Item Development

This step is an important step in the development of a scale as serious problems with the item pool will reverberate through all subsequent data analyses and scale construction efforts.

items should be written that are (i) relevant to the constructs to be measured, and (ii) representative of all potentially important aspects of the target construct. Having formal construct definitions is particularly important here, as such definitions should guide the item writing process.

Besides including items to cover all the different facets of a particular construct, it’s also important that the item pool includes items reflecting all levels of the construct.
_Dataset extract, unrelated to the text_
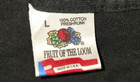 Vintage 1991 The Addams Family Thing Single Stitch Movie Promo T-shirt L Rare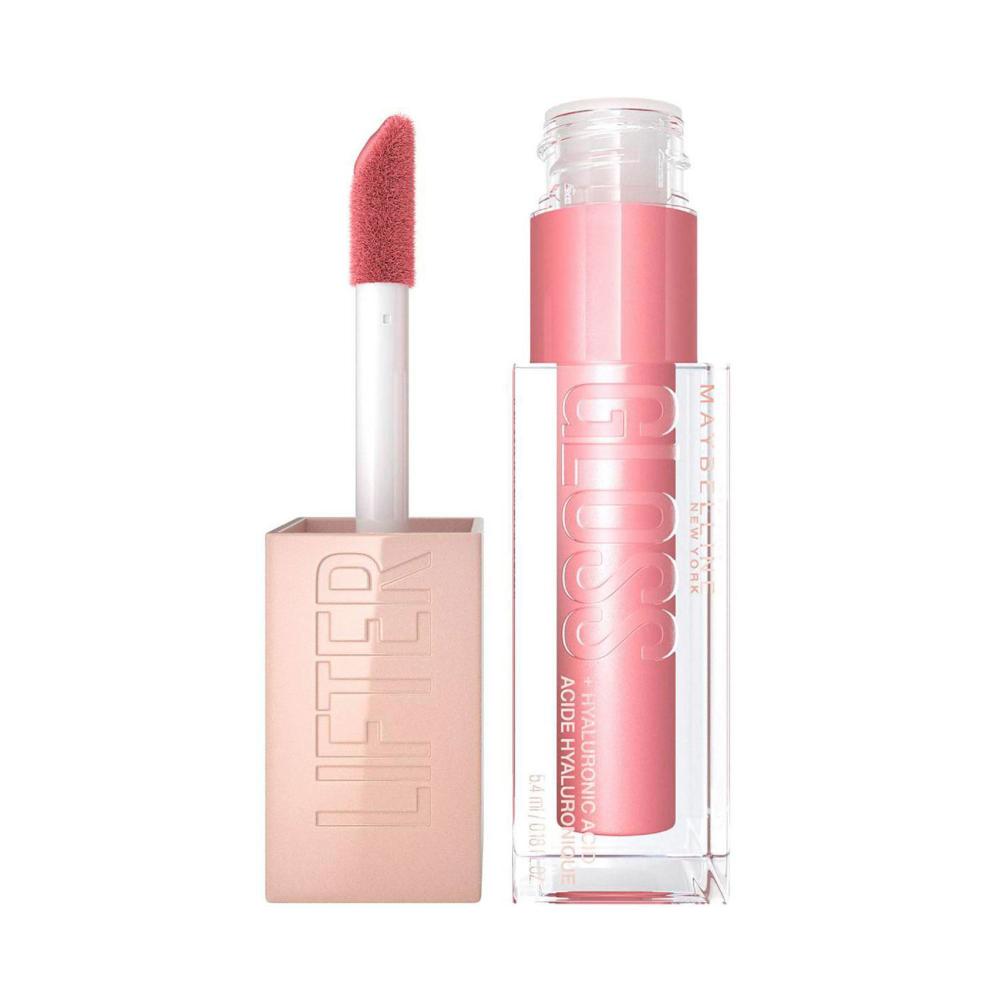 Maybelline Lifter Gloss Lip Gloss Silk - 5.4 ML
Item writing guidelines (Simms, 2008):

Write items using simple and straightforward language that is appropriate for the reading level of the measure’s target population.
Avoid writing complex or convoluted items that are difficult to read and understand (e.g., double-barreled items such as ‘My outgoing nature would make me a good salesperson’, since they confound different characteristics – in this case, being outgoing and being a good salesperson – that may not covary in some individuals.
Avoid using slang and colloquial expressions that may quickly become obsolete. Be careful that phrasing does not affect responses in unexpected ways (e.g., including ‘worry’ in an item nearly guarantees that the it will have a neuroticism component).
To the extent possible, write a mix of positively and negatively worded items to guard against response sets.
Phrase items generally enough that most or all targeted respondents can provide a reasonably appropriate response (e.g., write ‘I get tired after I exercise’ rather than ‘I get tired after playing soccer’).
To increase the likelihood of truthful responding, phrase items asking about sensitive issues using straightforward, matter-of-fact, and nonpejorative language.

Pilot testing

After the initial item pool is complete, it makes sense to pilot test the items before running a large-scaled exploratory study.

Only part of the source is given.